I am unable to reproduce your issue using ODBC Driver 17 for SQL Server:
df = pd.read_sql_query("SELECT CAST(1 AS int) AS foo", engine)
print(df.info())
"""
<class 'pandas.core.frame.DataFrame'>
RangeIndex: 1 entries, 0 to 0
Data columns (total 1 columns):
# Column Non-Null Count Dtype
--- ------ -------------- -----
0 foo 1 non-null int64
dtypes: int64(1)
memory usage: 136.0 bytes
None
"""
What ODBC driver are you using? Can you supply a minimal reproducible example?
@gordthompson
import pandas as pd li = [{'rowid': 976, 'INSTRPERMID': 8590928689}, {'rowid': 952, 'INSTRPERMID': None}] print(pd.DataFrame.from_dict(li))
Gives
rowid INSTRPERMID 0 976 8.590929e+09 1 952 NaN
You have yet to mention any details about your environment. What DBMS, OS, ODBC driver, Python version, etc.? If you don't supply that information we will be unable to assist.
@v-chojas
DBMS: MYSQL
OS: UBUNTU
ODBC DRIVER: PYODBC
Python: >3.7
See https://github.com/mkleehammer/pyodbc/wiki/Troubleshooting-%E2%80%93-Generating-an-ODBC-trace-log and attach an ODBC trace.
I am able to reproduce the issue, but it is not a problem with pyodbc per se; it is a pandas issue. I get the same result if I use mysqlclient, which is SQLAlchemy's preferred DBAPI layer for working with MySQL:
connection_uri = 'mysql+mysqldb://scott:tiger@192.168.0.199/test'
engine = sa.create_engine(connection_uri, echo=True)
sql = """\
SELECT 1 AS foo
UNION ALL
SELECT NULL AS foo
"""
df = pd.read_sql_query(sql, engine)
print(df)
"""
foo
0 1.0
1 NaN
"""
print(df.info())
"""
<class 'pandas.core.frame.DataFrame'>
RangeIndex: 2 entries, 0 to 1
Data columns (total 1 columns):
# Column Non-Null Count Dtype
--- ------ -------------- -----
0 foo 1 non-null float64
dtypes: float64(1)
memory usage: 144.0 bytes
None
"""
This is not a bug but normal behavior of pandas.
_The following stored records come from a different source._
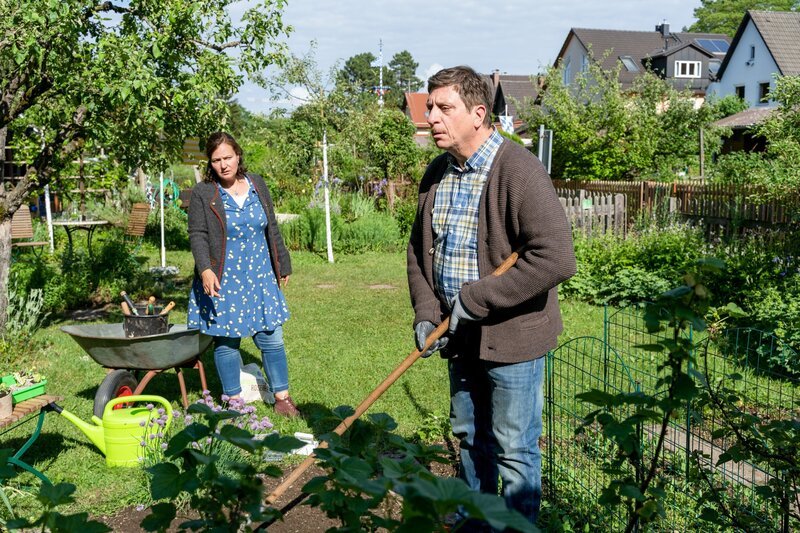 Annegret Nerlinger (Eva Wittenzellner), Hartmut Nerlinger (Georg Veitl). – Bild: ORF/​ZDF/​Linda Gschwentner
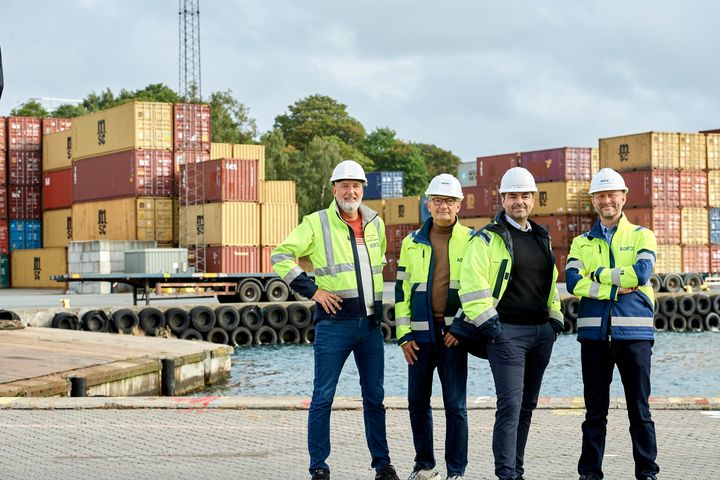 COO Morten Højrup, CEO i Taulov Dry Port A/S Jesper Gemmer, CEO i ADP A/S Rune D. Rasmussen og CFO Michael Overgaard Andersen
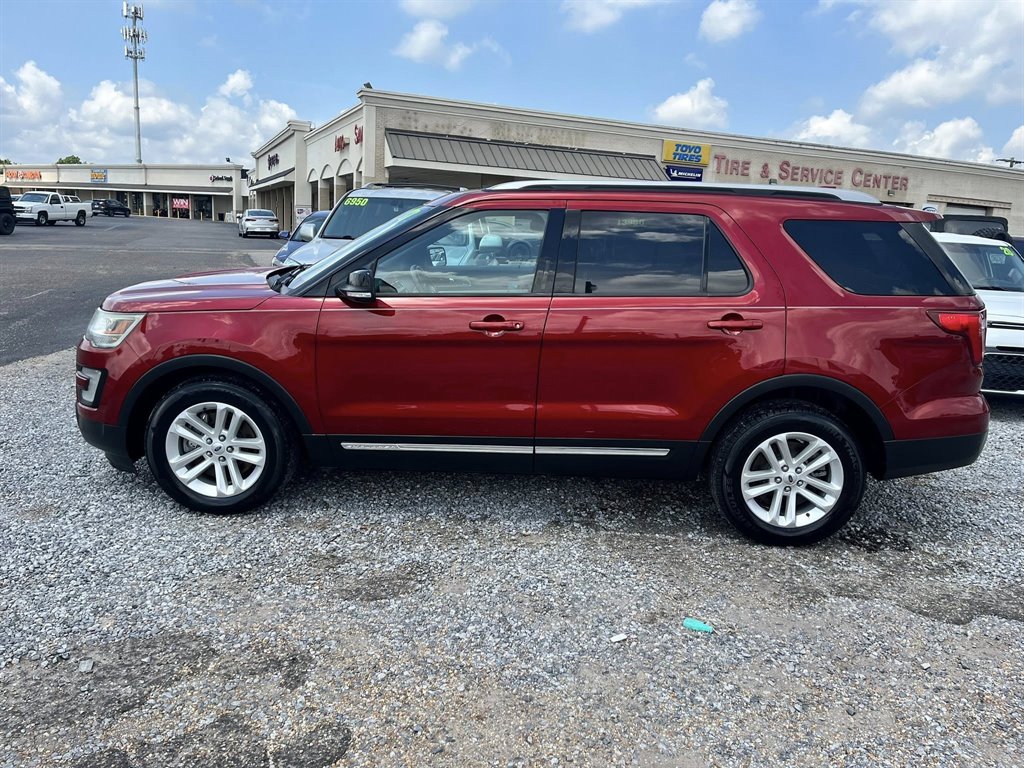 2017 Ford Explorer XLT photo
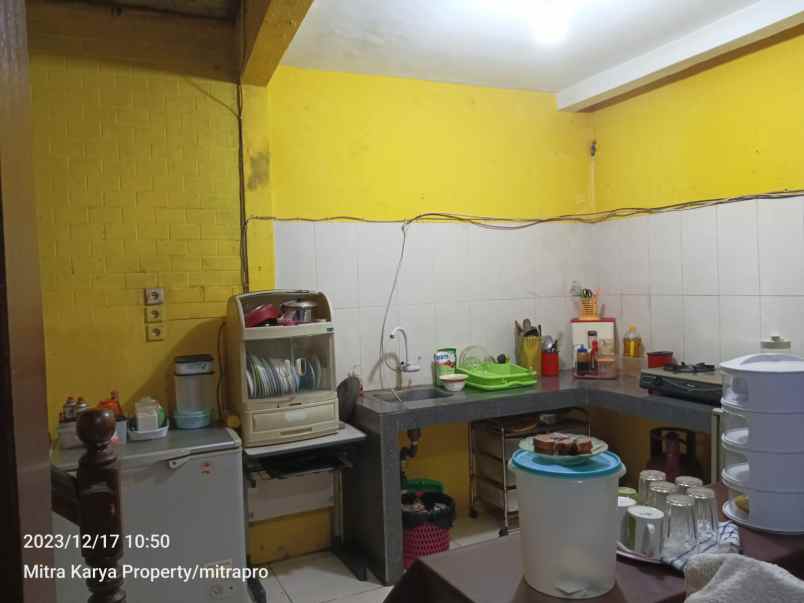 dijual rumah komplek kayu ringin jaya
Pandas reflects missing data as np.nan which itself is of dtype float64. This is why pandas casts series of integers that is missing values to float64 dtype (link).
I am trying to read a stored procedure by using pandas.read_sql method in Python by using the pyodbc driver. The issue I have is when Pandas reads data, it converts int columns to float which have Null values in it.